- Interactive map of the Flashman's Hotel area

General information
- Location: Rawalpindi, Punjab, Pakistan, The Mall, Rawalpindi
- Coordinates: 33°35′31″N 73°03′13″E﻿ / ﻿33.591937°N 73.053631°E
- Opening: 1888
- Owner: Associated Hotels of India (1917–1965) West Pakistan Enemy Property Board Pakistan Tourism Development Corporation (1976–present)
- Management: Pakistan Tourism Development Corporation

Design and construction
- Developer: Charles Thomas Flashman

= Flashman's Hotel =

Building in Rawalpindi, Pakistan

Flashman's Hotel is a historic hotel situated on The Mall in Rawalpindi, Pakistan.

==History==
Flashman's Hotel was founded in 1888 by Charles Thomas Flashman.

In 1917, the ownership of the property was transferred to the Associated Hotels of India, led by Mohan Singh Oberoi.

By 1961, after the partition, it was managed by the Associated Hotels of Pakistan. This venture also included Faletti's Hotel, Cecil Hotel, and Deans Hotel and involved stakeholders such as Associated Hotels of India and Oberoi Hotels.

Following the Indo-Pakistani War of 1965, the Pakistani government designated properties of the Associated Hotels of Pakistan as enemy assets. These properties were subsequently overseen by the West Pakistan Enemy Property Board.

In 1976, the governance of Flashman's, along with Faletti's, Cecil, and Deans, was transferred to the Pakistan Tourism Development Corporation (PTDC).

As of 1999, Flashman's remained under PTDC, while the other hotels were privatized.

==Guests==
Historically, the hotel was frequented by personnel from the British Army's Northern Command.

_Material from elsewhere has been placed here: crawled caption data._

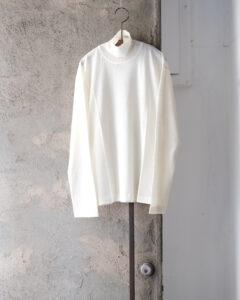 18μ MERINO / TURTLE NECK KNIT PULLOVER col.Creamのサムネイル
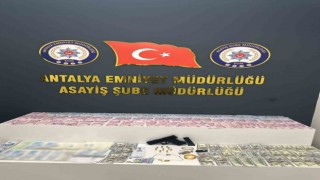 Evden döviz ve ziynet eşyası çalan hırsız yakalandı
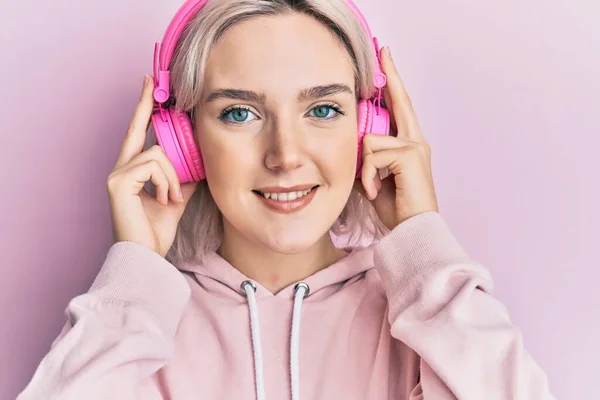 Joven Chica Rubia Escuchando Música Usando Auriculares Sonriendo Con Una — Foto de Stock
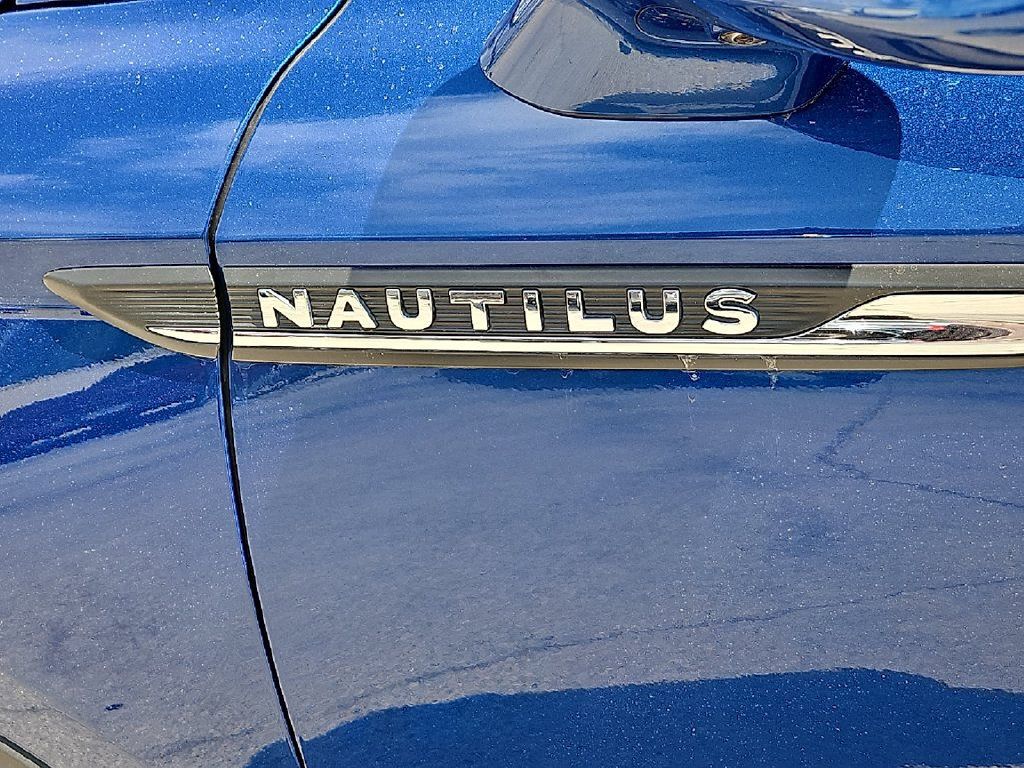 Used 2020 Lincoln Nautilus Reserve w/ Equipment Group 201A FWD image 14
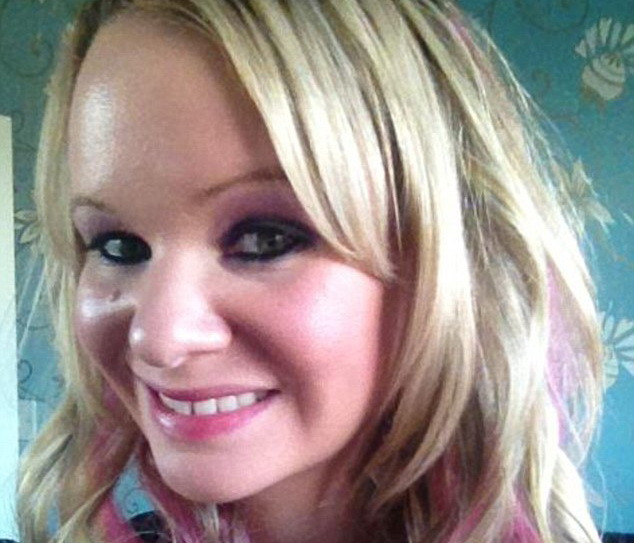 Experienta traumatizanta a unei tinere dupa ce si-a pus extensii de par. Medicii i-au facut o gaura in cap pentru a o salva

It also hosted several notable leaders, including Muhammad Ali Jinnah, Liaquat Ali Khan and Zulfiqar Ali Bhutto. It was also the location for cabinet meetings during President Ayub Khan's term.

==Architecture==
Flashman's Hotel occupies a 9.34-acre plot designated as Khasra No. 17 to 22. The hotel's building reflects a British barracks-style design, evident in its interior woodwork.

The single-story building is divided into a main hall section and another section with 73 family suites and executive lodges. The design incorporates elements from both Indian and English architectural traditions, and there is a pool area adjacent to the family suites.